Which is the larger point. The story of women’s liberation isn’t a straight line; the state of women’s rights is blurry and contradictory. Things are moving backward and forward at the same time. There are no clean demarcations between feminism and its backlash and the backlash to the backlash, between progress and regress. It was always fanciful to conceive of progressive victories as permanent, just as it was a shortsighted fantasy that edgelord heterodoxy would remain cool.

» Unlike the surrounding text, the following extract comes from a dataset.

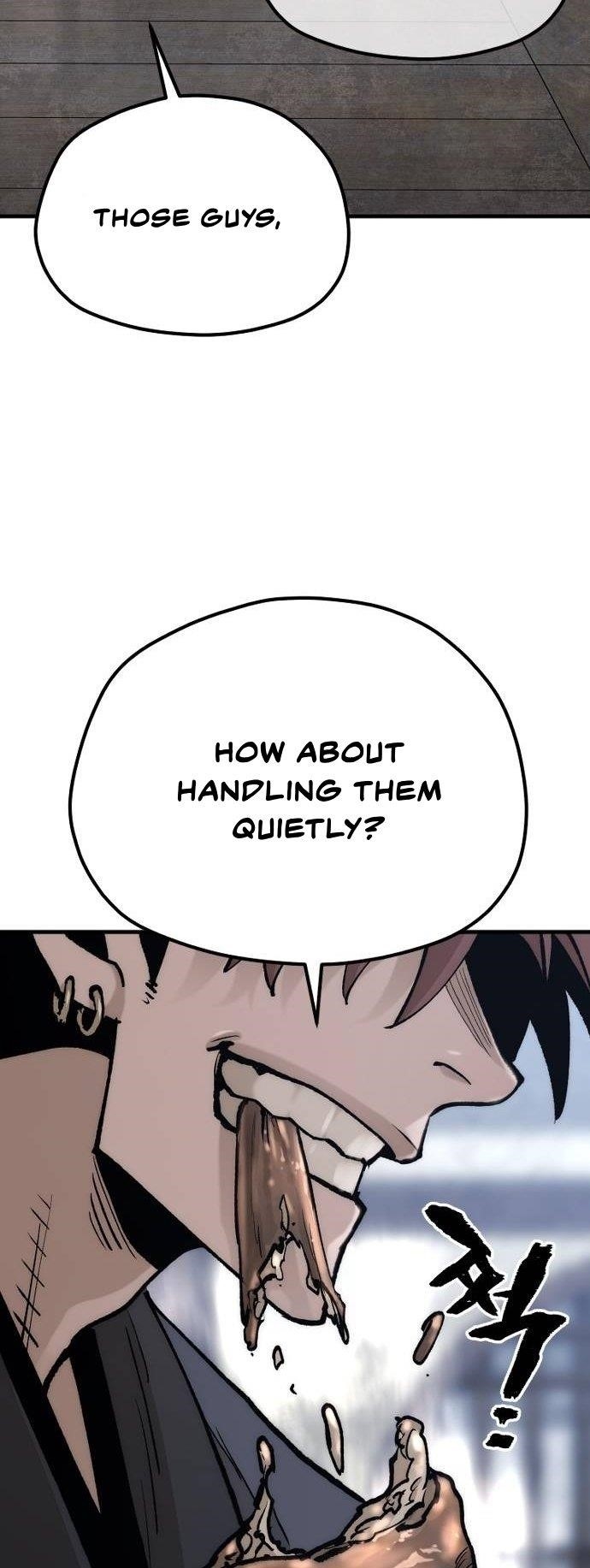 Heavenly Demon Cultivation Simulation Chapter 132 - Page 81 in English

It’s never been waves but circular eddies, conversations among the same people again and again, creating a disorienting sameness as we try to get to the surface and determine where we are.
The Larry Summers who scoffed at the idea that women were as smart as men in an email in October 2017 also claimed women had less aptitude for science and engineering back in 2005; the Donald Trump who called a reporter “piggy” in November also called a Miss Universe winner “Miss Piggy” after her win in 1996.
The repetition may elicit a hollow laugh from a theater audience hearing the frustration of a character from 55 years ago. But it is also rousing — restorative, even. Because while the misogyny is hard to banish, so is the resistance to it.